━━ Source records

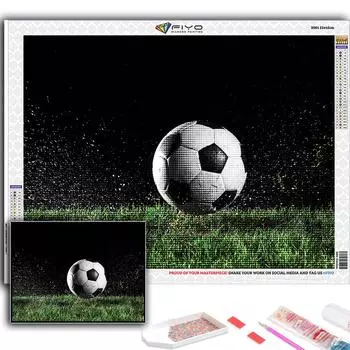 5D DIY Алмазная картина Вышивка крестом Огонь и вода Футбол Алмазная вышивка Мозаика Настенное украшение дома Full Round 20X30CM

━━━━
━━ Source records

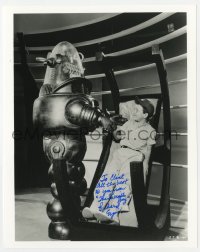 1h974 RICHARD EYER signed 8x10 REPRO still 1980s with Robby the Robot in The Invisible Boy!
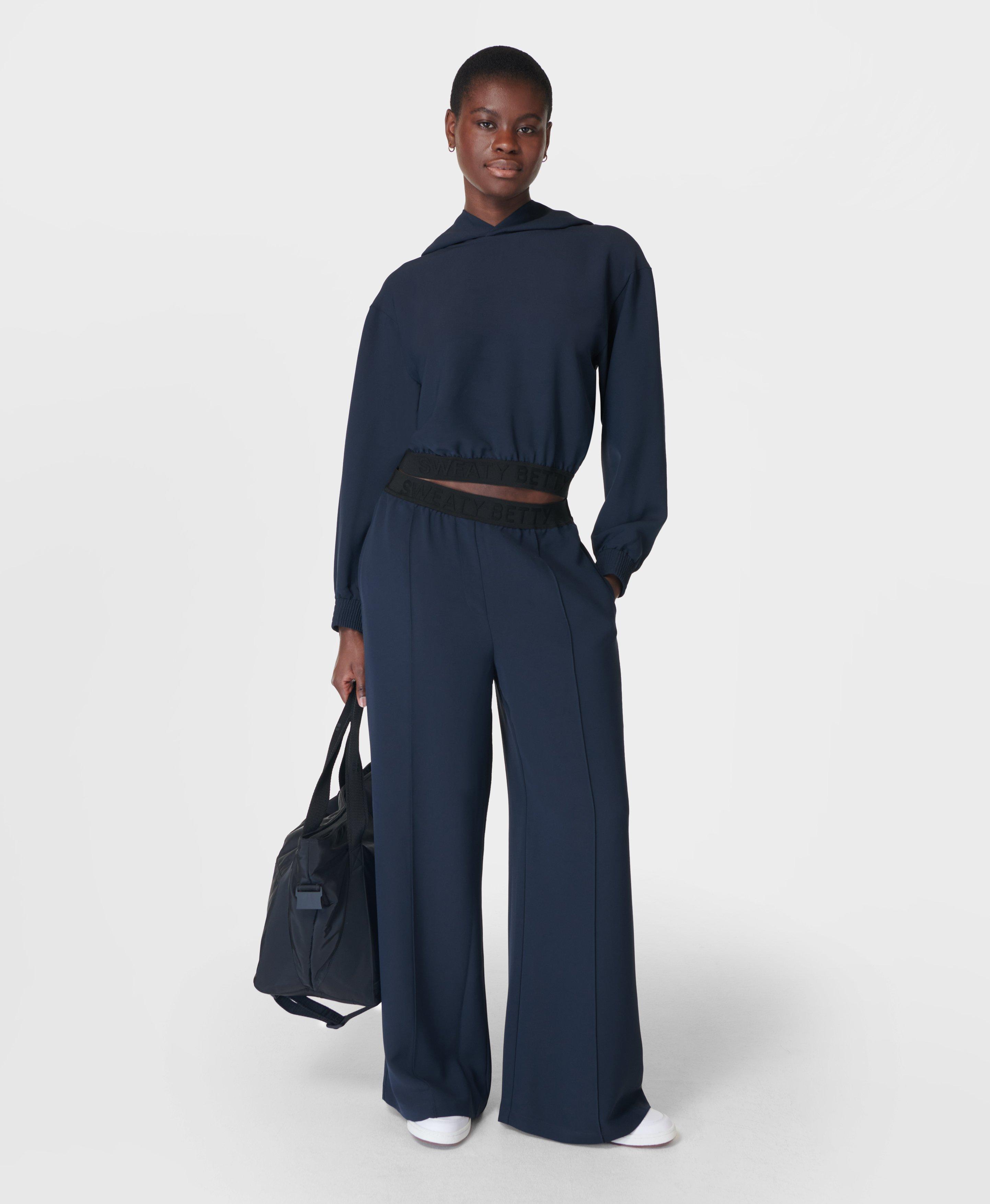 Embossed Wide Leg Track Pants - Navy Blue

━━━━

◆ What is required ◆
Above, find the line holding "1h974 RICHARD EYER" and the line holding "Embossed Wide Leg Track Pants - Navy Blue". Print exactly those two lines and every line between them, but no pictures.

◆ Answer section ◆
 1h974 RICHARD EYER signed 8x10 REPRO still 1980s with Robby the Robot in The Invisible Boy!
 Embossed Wide Leg Track Pants - Navy Blue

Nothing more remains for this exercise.